Глава I. В боях за «Бориса»
К осени, когда заканчивалось это действие, воплотившее «трагедию совести» царя Бориса,— зародилась идея мятежной Сцены под Кронами — сцены разбушевавшейся стихии народной. Именно об этой сцене писал Мусоргский 11 сентября: «Обдумывается бродяжная: — (новость и новость/из новостей новость) — ужасно приятно». Счастливая идея поразила воображение Мусоргского. Обдумывание и сочинение Сцены под Кромами вырисовывало высшую перспективную кульминацию движения-развития народной драмы. (В. Никольский, проницательный друг и советчик композитора, верно угадал значение этой гениальной сцены, предложив сделать ее финалом всей оперы.)
Зимою Мусоргский завершил вторую картину «польского акта» (14 декабря: «дописываю последний аккорд сцены у фонтана»). К тому времени готова была в клавире, а отчасти и в партитуре музыка новых картин, заканчивались изменения и дополнения в картинах, сочиненных ранее. Координируя материалы громадной композиции, Мусоргский занимался оркестровкой. 11 января 1872 года он закончил партитуру второго действия (Царский терем); 10 февраля — партитуру первой, а 29 марта — второй картины третьего действия (Польский акт). В партитуре Сцены под Кромами, увенчавшей оперу-драму, значится последняя дата: 23 июня 1872 года в Петрограде. Труд, обессмертивший имя Мусоргского, был завершен.
* * *
«Борис Годунов» создавался в сумрачное время воцарившейся реакции, глушившей передовое общественное движение. И в жизни балакиревского содружества, и в жизни самого Мусоргского это время было связано со многими трудностями и невзгодами. И все же годы работы над «Борисом» были исключительно плодотворны. В борьбе, посреди тревог и треволнений, Мусоргский ощущал небывалый приток творческих сил — что может быть радостнее для художника! «Я жил «Борисом», в «Борисе»,— писал он,— и в мозгах моих прожитое время в «Борисе» отмечено дорогими метками, неизгладимыми». Многое объемлют эти слова — и творческое вдохновение, и дружбу, и любовь.

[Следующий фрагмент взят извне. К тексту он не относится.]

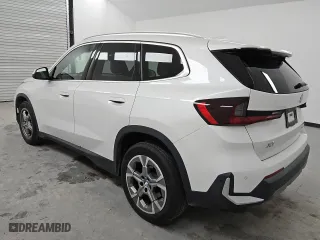2023 BMW X1 xDrive28i with VIN WBX73EF00P5X20800, listed as a Copart auction lot 53166625 with 27,545 mi miles and Clean Title. Bid and sale history available at carsss.com. Image 2.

Сочинению «Бориса Годунова» сопутствовали ясные душевные просветы личного бытия Мусоргского. С осени 1868 и до весны 1871 года он жил в Инженерном замке — в квартире Опочининых (Александра и Надежды). Здесь, в окружении дорогих и близких его сердцу людей, написана была большая часть музыки «Бориса Годунова». Зная глубокое и чистое чувство Мусоргского к Надежде Петровне Опочининой, нетрудно понять, как много значила для него пусть даже «унция сердечного тепла» в общении с женщиной, вызывавшей в нем «души высокие порывы». Этот период «был счастливейшим в его жизни, если не считать терний, связанных — заработка ради — с вынужденной казенной службой в Лесном департаменте,— говорит А. Римский-Корсаков — ...Личная жизнь Мусоргского скрашивалась нежными, дружескими отношениями с Опочиниными». Правда, тернии чиновной службы были весьма чувствительны. Он проводил в департаменте лучшие часы дня, получая мизерный оклад, и нужда оставалась его верной спутницей. Да и не только горечь вынужденной службы омрачала Мусоргского. Его тревожили события общественной жизни, и нараставшие противоречия в кружке, и отчуждение Балакирева, и многое другое. Но тем более необходима, незаменима была для него в годы напряженной работы над «Борисом» опочининская атмосфера сосредоточенных раздумий и душевных бесед. Общительная натура Мусоргского совершенно не выносила пустого одиночества «четырехстенных мечтаний».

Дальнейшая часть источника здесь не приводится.